━━━━━ Information given ━━━━━
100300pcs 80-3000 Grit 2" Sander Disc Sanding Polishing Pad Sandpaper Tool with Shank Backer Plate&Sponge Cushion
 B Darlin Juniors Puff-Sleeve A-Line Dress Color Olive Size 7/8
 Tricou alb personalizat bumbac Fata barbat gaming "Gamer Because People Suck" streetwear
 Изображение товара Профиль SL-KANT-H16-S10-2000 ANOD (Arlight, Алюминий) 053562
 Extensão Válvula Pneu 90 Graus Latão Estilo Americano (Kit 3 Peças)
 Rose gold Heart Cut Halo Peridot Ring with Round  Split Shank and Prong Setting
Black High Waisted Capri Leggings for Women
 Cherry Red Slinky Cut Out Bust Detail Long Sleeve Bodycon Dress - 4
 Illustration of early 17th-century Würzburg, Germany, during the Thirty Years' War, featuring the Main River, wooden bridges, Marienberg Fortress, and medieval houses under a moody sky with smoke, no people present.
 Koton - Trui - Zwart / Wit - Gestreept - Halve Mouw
━━━━━
* What the task asks:
After locating the line with "Illustration of early", please repeat it and every line after it exactly, through the end of the data above.

* Result of the task:
 Illustration of early 17th-century Würzburg, Germany, during the Thirty Years' War, featuring the Main River, wooden bridges, Marienberg Fortress, and medieval houses under a moody sky with smoke, no people present.
 Koton - Trui - Zwart / Wit - Gestreept - Halve Mouw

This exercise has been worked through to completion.